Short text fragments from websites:
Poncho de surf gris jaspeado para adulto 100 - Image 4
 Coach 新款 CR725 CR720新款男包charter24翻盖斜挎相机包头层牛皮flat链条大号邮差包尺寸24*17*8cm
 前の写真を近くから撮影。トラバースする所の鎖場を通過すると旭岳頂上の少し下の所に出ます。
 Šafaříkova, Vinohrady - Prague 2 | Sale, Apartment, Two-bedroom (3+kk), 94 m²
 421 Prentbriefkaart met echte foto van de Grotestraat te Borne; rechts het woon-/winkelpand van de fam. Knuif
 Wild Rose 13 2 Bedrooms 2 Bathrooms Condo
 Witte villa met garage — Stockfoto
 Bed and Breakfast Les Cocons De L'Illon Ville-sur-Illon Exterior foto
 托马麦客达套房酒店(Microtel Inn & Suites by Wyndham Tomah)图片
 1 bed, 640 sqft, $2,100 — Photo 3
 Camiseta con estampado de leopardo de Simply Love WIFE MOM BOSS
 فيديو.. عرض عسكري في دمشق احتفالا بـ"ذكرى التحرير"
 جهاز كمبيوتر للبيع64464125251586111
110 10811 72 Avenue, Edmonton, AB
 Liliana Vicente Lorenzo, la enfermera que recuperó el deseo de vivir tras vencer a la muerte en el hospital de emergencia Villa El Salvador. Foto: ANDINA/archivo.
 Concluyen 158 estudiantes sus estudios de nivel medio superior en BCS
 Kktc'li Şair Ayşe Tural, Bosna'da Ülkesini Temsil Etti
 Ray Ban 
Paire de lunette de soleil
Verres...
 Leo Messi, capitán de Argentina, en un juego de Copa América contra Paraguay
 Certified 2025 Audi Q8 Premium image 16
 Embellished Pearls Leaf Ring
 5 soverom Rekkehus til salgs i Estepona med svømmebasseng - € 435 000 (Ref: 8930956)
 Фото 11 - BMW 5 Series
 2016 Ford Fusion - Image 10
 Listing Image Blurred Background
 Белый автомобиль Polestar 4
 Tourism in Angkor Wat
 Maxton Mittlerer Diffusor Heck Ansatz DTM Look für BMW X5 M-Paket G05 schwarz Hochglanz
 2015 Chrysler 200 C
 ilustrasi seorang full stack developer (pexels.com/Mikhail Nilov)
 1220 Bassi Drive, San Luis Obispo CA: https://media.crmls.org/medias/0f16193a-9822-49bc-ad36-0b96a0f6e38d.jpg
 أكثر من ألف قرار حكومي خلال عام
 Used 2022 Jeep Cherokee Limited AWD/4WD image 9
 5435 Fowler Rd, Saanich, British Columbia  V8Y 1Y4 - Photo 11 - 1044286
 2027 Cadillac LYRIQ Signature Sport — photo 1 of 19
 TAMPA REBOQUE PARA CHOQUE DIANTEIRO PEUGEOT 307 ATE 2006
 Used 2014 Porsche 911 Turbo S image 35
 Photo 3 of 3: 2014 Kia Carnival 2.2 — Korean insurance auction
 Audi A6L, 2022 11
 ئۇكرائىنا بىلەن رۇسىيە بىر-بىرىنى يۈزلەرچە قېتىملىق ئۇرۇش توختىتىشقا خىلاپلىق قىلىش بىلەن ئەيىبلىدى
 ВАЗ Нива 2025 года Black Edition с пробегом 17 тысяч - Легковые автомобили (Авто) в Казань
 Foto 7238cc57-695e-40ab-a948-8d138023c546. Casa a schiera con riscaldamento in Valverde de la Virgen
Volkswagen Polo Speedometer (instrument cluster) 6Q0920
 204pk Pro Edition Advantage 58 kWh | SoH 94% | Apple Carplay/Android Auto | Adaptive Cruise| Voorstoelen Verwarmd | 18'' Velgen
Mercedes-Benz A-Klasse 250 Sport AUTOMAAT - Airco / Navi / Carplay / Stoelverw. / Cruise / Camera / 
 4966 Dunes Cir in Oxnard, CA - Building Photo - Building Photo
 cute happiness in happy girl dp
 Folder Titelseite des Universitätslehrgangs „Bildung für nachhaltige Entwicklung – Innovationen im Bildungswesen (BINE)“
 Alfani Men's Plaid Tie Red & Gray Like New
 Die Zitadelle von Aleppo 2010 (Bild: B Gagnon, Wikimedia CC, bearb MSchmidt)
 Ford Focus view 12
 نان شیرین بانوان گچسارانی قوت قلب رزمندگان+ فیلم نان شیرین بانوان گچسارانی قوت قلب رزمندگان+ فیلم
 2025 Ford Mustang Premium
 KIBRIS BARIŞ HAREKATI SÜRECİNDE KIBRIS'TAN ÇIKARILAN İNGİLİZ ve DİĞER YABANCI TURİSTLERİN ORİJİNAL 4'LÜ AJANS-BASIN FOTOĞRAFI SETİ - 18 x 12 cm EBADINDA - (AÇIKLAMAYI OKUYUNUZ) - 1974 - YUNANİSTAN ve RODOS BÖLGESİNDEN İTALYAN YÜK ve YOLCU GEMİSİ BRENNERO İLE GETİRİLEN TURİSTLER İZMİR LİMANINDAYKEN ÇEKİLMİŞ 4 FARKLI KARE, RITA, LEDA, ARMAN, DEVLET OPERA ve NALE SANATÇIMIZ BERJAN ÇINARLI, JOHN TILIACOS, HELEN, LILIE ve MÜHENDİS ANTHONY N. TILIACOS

### [What the task asks]
Only the lines containing the word "Audi" should be returned from the data above.

### [Output for this exercise]
 Certified 2025 Audi Q8 Premium image 16
 Audi A6L, 2022 11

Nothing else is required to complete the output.